Start of Records supplied
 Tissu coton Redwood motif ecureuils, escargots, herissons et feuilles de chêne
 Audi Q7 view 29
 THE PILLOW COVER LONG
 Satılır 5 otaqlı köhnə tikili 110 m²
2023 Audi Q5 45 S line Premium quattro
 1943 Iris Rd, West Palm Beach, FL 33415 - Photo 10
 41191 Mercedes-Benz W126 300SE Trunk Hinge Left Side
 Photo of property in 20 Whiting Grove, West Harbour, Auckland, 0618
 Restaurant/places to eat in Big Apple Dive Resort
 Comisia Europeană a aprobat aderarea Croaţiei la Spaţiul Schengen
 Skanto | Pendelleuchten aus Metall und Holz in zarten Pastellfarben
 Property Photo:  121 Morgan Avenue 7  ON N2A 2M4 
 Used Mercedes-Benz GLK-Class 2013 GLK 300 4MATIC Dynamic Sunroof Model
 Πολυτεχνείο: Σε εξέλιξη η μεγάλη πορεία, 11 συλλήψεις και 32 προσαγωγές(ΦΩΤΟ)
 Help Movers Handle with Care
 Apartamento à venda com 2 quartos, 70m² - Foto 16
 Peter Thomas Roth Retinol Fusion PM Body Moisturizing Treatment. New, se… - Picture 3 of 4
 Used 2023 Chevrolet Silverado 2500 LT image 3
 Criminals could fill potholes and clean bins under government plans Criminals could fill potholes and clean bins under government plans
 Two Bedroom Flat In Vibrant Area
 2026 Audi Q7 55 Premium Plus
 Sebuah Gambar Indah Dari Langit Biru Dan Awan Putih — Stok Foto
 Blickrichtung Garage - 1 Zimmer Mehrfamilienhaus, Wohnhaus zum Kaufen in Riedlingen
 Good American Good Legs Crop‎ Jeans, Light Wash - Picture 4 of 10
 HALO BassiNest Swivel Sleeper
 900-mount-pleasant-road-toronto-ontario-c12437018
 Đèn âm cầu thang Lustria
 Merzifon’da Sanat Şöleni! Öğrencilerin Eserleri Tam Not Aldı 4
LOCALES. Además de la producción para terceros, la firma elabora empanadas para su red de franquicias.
End of Records supplied
Only the lines from the one with "Help Movers Handle with Care" to the end of the entries above belong in your answer. Retype them exactly.

* [Your solution]
 Help Movers Handle with Care
 Apartamento à venda com 2 quartos, 70m² - Foto 16
 Peter Thomas Roth Retinol Fusion PM Body Moisturizing Treatment. New, se… - Picture 3 of 4
 Used 2023 Chevrolet Silverado 2500 LT image 3
 Criminals could fill potholes and clean bins under government plans Criminals could fill potholes and clean bins under government plans
 Two Bedroom Flat In Vibrant Area
 2026 Audi Q7 55 Premium Plus
 Sebuah Gambar Indah Dari Langit Biru Dan Awan Putih — Stok Foto
 Blickrichtung Garage - 1 Zimmer Mehrfamilienhaus, Wohnhaus zum Kaufen in Riedlingen
 Good American Good Legs Crop‎ Jeans, Light Wash - Picture 4 of 10
 HALO BassiNest Swivel Sleeper
 900-mount-pleasant-road-toronto-ontario-c12437018
 Đèn âm cầu thang Lustria
 Merzifon’da Sanat Şöleni! Öğrencilerin Eserleri Tam Not Aldı 4
LOCALES. Además de la producción para terceros, la firma elabora empanadas para su red de franquicias.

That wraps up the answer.